WHY YOU SHOULD NEVER DRIVE ON A FLAT TYRE
- Driving on a flat tyre will compromise the tyre’s strength and safety
- Rim creasing is a leading cause of permanent tyre damage
- Tread punctures are relatively easy and inexpensive to repair
- A sidewall puncture should NOT be repaired
- The most dangerous puncture is the one that goes unnoticed
- A TPM system can save you money, and, your life
IRREPARABLE TYRE DAMAGE
Don’t be tempted to drive those extra few kilometres on a flat tyre – even if the repair shop is “just around the corner”. Doing so will likely cause permanent tyre damage.
Sidewall creasing is a leading cause of tyre damage and often occurs when the tyre is driven flat, or severely under inflated. Creasing happens when the outer rim / edge of the wheel presses a stress seam along the tyre’s sidewall. This pinching effect weakens the tyre and will likely result in a sudden “blowout” or disintegration of the tyre.
Rim creasing is particularly dangerous because the damage to the tyre may not be visible externally. As a result, the vehicle owner will often assume that because the tyre is able to hold air, and no damage is visible, that the tyre is safe to drive.

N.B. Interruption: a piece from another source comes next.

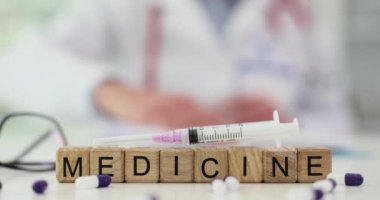 Şırınganın yanına, hastanede çalışan doktorlara karşı ahşap bloklardan yapılmış ilaçlar serpiştirilmiş. Hastalıkları tedavi etme ve insanlara yardım etme bilimi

In actual fact, if a tyre has been driven flat, it should be swopped for the spare tyre and taken to a fitment specialist for an internal inspection. Tyres that fail in response to rim creasing often do so spontaneously, at highway speeds, and are difficult to control.
Evidence of a tyre that has failed due to rim creasing is generally characterised by a perfectly circular separation between the tread-belt and sidewall.
REPAIR OR REPLACE
In the event of a puncture, the tyre should be swopped for the spare as soon as possible to avoid any further damage.
Alternatively, a tyre repair kit can be a fast and effective way to temporarily repair the tyre while it’s still on the vehicle. However, the tyre should be professionally repaired by a fitment specialist as soon as possible.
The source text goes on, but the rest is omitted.